また、驚くべきはその人数で、駐日米軍兵33,453人に対し、従業員は25,403人。つまり、米軍兵100人に対し、従業員76名ということになります。韓国47人、ドイツ31人、イタリア43人に比べ多すぎることは間違いありません。世界中の駐留米兵の総数の17%しかいない日本が総負担額の53%と半分以上を負担しています、アメリカ政府に「世界一気前のいい同盟国」と揶揄されていてもいたしかたなしと言わざるを得ません。

<駐留米軍三分の理もなし>
ここまではまだ何らかの理由があり、仕方なしという部分もあるのかもしれませんが、最も理解が出来ないのが、米軍再編に伴う駐沖縄海兵隊のグアム移転経費の負担です。今までは、守っていてやるからお金を出せということだったのでしょう。ところが、今度は、出て行ってやるからまたお金を出せといっているのです。どう考えても理屈に合いません。泥棒にも三分の理ということわざがありますが、駐留米軍には三分の理もなさそうです。

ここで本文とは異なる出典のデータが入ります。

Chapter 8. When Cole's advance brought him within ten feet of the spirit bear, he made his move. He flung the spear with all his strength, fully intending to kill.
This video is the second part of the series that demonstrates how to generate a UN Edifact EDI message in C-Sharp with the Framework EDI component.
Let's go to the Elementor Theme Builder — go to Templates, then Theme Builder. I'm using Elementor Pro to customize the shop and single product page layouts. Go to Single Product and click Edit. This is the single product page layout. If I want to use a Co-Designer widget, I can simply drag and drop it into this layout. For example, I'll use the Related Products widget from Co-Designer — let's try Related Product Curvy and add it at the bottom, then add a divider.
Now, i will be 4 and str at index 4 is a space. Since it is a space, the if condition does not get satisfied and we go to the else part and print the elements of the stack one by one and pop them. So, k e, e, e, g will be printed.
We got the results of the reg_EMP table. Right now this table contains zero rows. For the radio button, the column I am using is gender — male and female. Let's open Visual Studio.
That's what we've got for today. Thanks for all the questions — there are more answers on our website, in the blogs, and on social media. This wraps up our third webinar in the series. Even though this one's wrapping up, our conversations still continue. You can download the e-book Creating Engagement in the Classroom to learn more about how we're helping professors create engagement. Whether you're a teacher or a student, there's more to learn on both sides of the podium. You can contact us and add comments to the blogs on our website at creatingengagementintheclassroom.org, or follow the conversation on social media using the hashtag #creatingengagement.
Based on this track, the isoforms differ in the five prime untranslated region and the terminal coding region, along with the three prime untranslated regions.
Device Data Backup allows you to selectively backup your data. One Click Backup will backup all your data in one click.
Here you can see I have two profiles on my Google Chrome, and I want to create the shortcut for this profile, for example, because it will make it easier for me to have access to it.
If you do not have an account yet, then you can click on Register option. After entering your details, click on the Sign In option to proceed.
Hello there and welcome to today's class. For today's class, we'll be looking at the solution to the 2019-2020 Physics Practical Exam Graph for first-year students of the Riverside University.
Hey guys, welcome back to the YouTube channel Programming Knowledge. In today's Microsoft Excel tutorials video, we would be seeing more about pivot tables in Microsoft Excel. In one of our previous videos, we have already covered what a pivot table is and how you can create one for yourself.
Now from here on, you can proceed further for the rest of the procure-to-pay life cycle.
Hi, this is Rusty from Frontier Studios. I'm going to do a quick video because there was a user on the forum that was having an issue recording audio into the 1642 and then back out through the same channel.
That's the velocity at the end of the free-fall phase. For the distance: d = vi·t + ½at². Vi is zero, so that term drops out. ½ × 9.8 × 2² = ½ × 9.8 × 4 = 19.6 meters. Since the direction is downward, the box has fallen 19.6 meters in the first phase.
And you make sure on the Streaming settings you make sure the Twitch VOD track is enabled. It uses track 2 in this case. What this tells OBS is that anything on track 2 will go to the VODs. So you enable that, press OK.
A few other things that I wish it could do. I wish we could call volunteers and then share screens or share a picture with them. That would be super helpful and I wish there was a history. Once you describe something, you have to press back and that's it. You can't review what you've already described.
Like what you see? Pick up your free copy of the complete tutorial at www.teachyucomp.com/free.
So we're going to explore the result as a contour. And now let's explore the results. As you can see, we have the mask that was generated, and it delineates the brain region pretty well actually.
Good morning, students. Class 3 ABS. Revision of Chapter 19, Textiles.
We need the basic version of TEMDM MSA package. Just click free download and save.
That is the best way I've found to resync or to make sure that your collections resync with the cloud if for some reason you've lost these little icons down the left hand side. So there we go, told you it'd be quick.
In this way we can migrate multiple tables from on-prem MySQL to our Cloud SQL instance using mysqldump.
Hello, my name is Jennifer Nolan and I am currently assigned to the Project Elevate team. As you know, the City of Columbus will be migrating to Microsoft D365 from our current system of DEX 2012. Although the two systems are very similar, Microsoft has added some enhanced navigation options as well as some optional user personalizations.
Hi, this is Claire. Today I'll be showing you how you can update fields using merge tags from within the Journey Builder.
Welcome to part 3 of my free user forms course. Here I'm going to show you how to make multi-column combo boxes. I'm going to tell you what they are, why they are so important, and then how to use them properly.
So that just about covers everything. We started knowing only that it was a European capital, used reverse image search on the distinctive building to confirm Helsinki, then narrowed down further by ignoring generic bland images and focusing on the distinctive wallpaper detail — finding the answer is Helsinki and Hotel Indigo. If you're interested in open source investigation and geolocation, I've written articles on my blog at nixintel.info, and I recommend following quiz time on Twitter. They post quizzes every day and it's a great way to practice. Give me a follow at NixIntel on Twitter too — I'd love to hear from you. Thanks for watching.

政府側からは、あくまでも日米間の総合的負担バランスであるという言葉しか得られませんでしたが、逆にそのバランスこそ取り戻してほしいという思いで一杯です。
質疑の最後には、これはもはや思いやり予算ではなく、思いやり過ぎ、感謝もされない、「悪女の深情け予算」、「アッシー君の貢物予算」ではないかと皮肉りました。

疲弊し切り捨てられると悲鳴を上げる地方や、医療保険料が上がり、病院に満足に行くことが出来ないと嘆くお年寄りたちへの思いやりは減少の一途を辿る中、駐留米軍のためだけは超思いやる、バランスを欠いているのが政府なのは明らかです。